Ilustrasi jurnalis perempuan Shinta diintimidasi akibat pemberitaan

Cerita Jurnalis Shinta, Diintimidasi Akibat Pemberitaan Isu Keberagaman

Usai memberitakan ‘Patung Bunda Maria Ditutup Terpal’, pimpinan ormas di Yogyakarta mengintimidasinya. Dia ditelepon dan dikirimi pesan protes berkali-kali. Ini bukan pertama terjadi, dia pernah dilecehkan, diteror, sampai terkena doxing akibat pemberitaan.

Tak mau berlarut-larut dalam ketakutan pasca intimidasi, Shinta Maharani memilih terus menulis. Dia terus menjalani profesinya sebagai jurnalis untuk menyuarakan kebenaran. Termasuk, soal isu keberagaman dan toleransi beragama. 

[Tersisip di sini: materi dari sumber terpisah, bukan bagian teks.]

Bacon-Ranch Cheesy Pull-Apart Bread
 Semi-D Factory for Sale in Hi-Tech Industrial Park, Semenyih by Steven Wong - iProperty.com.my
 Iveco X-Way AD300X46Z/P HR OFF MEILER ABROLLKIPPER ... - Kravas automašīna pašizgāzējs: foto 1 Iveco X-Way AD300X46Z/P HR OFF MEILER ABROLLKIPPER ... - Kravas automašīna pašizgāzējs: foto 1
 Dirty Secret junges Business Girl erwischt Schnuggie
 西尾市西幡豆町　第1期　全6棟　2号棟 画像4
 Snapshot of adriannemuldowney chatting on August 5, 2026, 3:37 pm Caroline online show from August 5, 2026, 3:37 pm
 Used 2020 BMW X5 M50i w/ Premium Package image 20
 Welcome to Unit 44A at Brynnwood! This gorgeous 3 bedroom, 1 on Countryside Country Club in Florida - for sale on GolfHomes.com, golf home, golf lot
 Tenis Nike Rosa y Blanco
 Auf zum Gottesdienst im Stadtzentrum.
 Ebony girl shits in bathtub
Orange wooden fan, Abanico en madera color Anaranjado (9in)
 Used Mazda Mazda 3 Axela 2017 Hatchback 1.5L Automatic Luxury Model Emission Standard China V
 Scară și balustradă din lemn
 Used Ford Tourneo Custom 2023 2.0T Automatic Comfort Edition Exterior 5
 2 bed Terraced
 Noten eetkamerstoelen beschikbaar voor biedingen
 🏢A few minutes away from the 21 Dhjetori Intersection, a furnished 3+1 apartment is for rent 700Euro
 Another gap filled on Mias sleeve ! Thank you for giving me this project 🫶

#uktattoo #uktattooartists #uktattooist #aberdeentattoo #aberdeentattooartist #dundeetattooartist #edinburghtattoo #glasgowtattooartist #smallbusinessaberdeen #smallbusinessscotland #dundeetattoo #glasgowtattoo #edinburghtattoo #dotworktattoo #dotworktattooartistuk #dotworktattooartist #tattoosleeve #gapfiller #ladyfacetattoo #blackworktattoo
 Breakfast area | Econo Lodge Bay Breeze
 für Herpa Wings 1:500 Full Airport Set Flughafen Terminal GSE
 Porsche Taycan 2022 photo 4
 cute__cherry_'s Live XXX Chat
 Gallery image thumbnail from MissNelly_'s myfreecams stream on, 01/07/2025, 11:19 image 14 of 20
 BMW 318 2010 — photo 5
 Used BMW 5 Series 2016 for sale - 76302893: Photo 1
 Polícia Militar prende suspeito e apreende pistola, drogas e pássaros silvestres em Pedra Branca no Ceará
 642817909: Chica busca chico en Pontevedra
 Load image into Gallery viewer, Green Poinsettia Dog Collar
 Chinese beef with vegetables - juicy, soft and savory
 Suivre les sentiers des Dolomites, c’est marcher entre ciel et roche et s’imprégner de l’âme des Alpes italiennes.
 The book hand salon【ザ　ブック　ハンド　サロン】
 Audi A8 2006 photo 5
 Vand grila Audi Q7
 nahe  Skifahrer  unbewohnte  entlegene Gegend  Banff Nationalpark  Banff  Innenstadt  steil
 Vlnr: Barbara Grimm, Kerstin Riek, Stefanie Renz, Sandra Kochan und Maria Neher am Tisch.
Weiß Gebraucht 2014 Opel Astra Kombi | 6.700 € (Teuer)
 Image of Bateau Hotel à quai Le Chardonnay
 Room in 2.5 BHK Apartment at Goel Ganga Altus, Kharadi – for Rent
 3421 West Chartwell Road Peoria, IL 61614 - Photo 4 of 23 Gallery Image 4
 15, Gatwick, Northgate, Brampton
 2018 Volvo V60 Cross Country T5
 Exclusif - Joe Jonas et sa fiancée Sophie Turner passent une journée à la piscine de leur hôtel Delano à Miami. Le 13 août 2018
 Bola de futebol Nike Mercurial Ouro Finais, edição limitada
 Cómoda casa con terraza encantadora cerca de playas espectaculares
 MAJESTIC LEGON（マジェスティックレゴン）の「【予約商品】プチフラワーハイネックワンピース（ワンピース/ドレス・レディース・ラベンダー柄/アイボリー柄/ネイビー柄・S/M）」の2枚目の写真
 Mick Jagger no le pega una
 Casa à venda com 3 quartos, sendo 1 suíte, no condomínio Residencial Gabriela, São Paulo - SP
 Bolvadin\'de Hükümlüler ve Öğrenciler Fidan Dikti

“Masih.. masih menulis. Masih harus waspada, pasti, tapi aku tahu ini risiko aku bekerja sebagai jurnalis, apalagi jurnalis perempuan,” ujarnya saat berbincang dengan Konde.co lewat sambungan telepon, Jumat (19/5).

Tepatnya pada 6 April 2023, Shinta berulang kali mendapat telepon dan pesan WhatsApp dari pimpinan organisasi masyarakat Gerakan Pemuda Ka’bah (GKP) di Yogyakarta, organisasi sayap PPP Yogyakarta. Ia menyatakan keberatan atas pemberitaan Tempo yang dinilai menyudutkan organisasi mereka. 

Intimidasi yang dialami Shinta itu, berkaitan erat dengan pemberitaan yang dia buat satu hari pasca penutupan patung Bunda Maria. Dia melakukan peliputan langsung di rumah Doa Sasana Adhi Rasa Santo Yakobus di Padukuhan Degolan, Bumirejo, Lendah, Kulon Progo, Yogyakarta. 

Berita itu terbit pertama kali di majalah Tempo berjudul “Di balik Terpal Patung Bunda Maria” pada 2 April 2023. Laporan lain juga kemudian terbit di Tempo.co, berjudul “Diprotes Ormas, Patung  Bunda Maria Ditutup Terpal saat Bulan Ramadan”.

Tak lama kemudian, Pimpinan ormas GKP DIY protes karena institusinya disebut mengintimidasi dan mengintervensi penutupan patung Bunda Maria tersebut. Ia juga keberatan dengan infografis Tempo yang menggambarkan data serangkaian aksi intoleransi anggota ormas GKP.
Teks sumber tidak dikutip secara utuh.